However, Moses “used to put a veil over his face so that the sons of Israel would not look intently at the end of what was fading away” (2Cor 3:13 NASB). Though truly marvelous, his was an old covenant, reflected glory. On this side of the empty tomb, the Lord has deposited His glory within us so that ours is a radiated, ever-increasing glory – “Christ in you, the hope of glory” (Col 1:27 NASB).
Contrary to that solemn, graveside pronouncement, “ashes to ashes and dust to dust,” “we all, with unveiled face beholding as in a mirror the glory of the Lord, are being transformed into the same image from glory to glory, just as from the Lord, the Spirit” (2Cor 3:18 NASB).
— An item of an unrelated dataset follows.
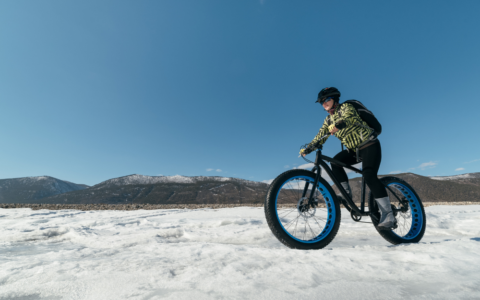 Sortie en vélo de neige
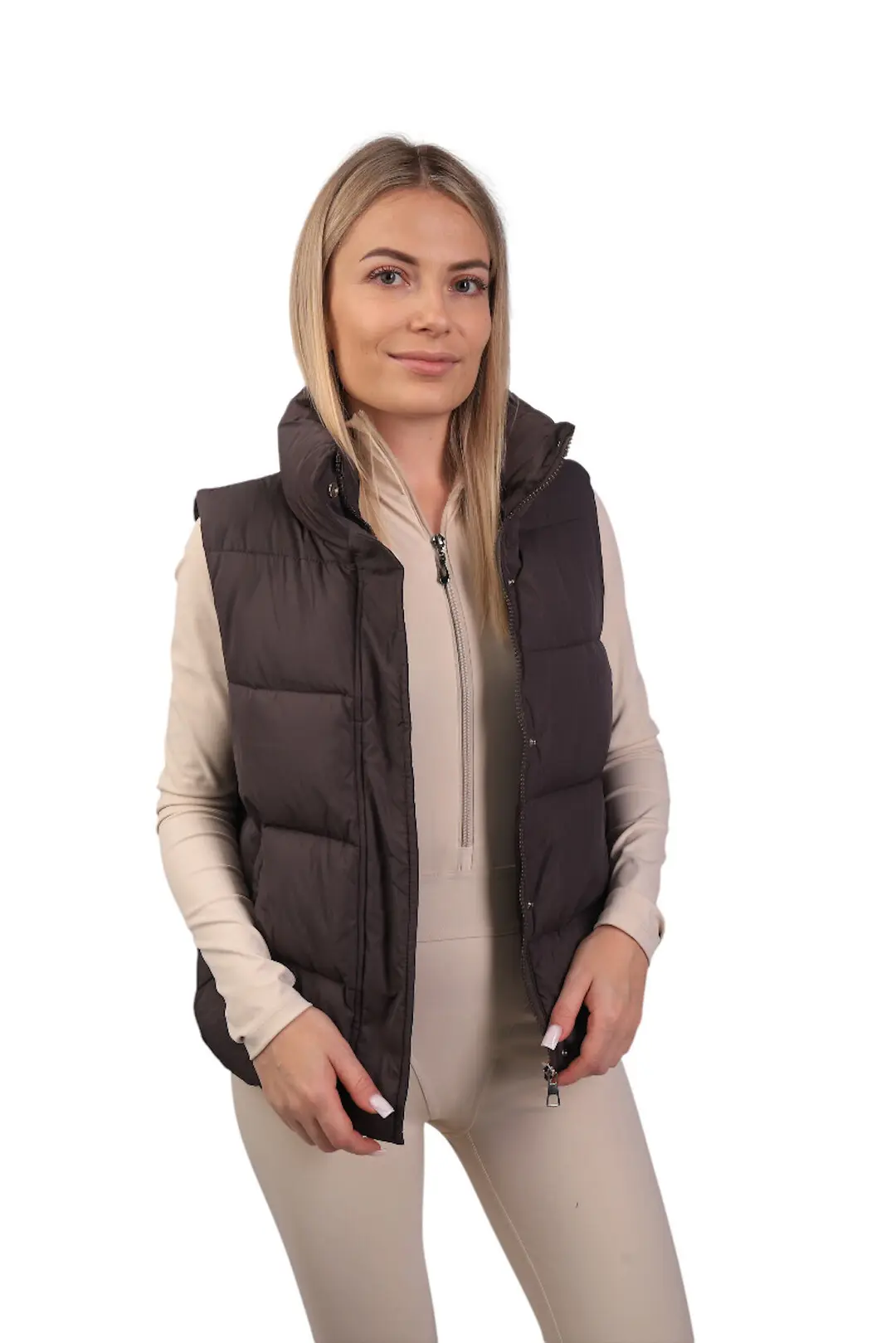Жилетка жіноча Fashion графіт з Плащівки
There is a huge difference between “I will be with you” and “I will be in you.”
Miraculously, the trajectory of a believer’s life spans from “glory to glory” as we are being progressively “transformed” (Greek “metamorphoo” from which we get our English word “metamorphosis”) into the image of Christ. “Therefore we do not lose heart, but though our outer man is decaying, yet our inner man is being renewed day by day. For momentary, light affliction is producing for us an eternal weight of glory far beyond all comparison” (2Cor 4:16-17 NASB).
I’m pretty sure most of us would not put anything of great value in a piece of pottery that is easily broken. And yet God says “we have this treasure in jars of clay, to show that the surpassing power belongs to God and not to us” (2Cor 4:7 ESV). What treasure? It’s the transforming glory of the gospel – “the light of the knowledge of the glory of God in the face of Christ” (2Cor 4:6 NASB).
But it’s kind of hard being a jar of clay in a world that tosses you around! “We are afflicted in every way, but not crushed; perplexed, but not despairing; persecuted, but not forsaken; struck down, but not destroyed; always carrying about in the body the dying of Jesus, so that the life of Jesus also may be manifested in our body” (2Cor 4:8-10 NASB).
These are words of personal experience that testify not only to our weaknesses, but also to God’s surpassing power! Herein lies the paradox of living as a believer in this fallen world. Though our jars crack, this only allows whatever our jar contains to be readily seen. For those who walk with Christ, the light of the glory of Jesus shines out through our brokenness.
Praise God for our fragile jars. And praise Him that though they crack and wear out from the Master’s use, these are but greater opportunities for His light to shine. Are the stresses of this world pressing down hard? Got any cracks or breaks in your jar?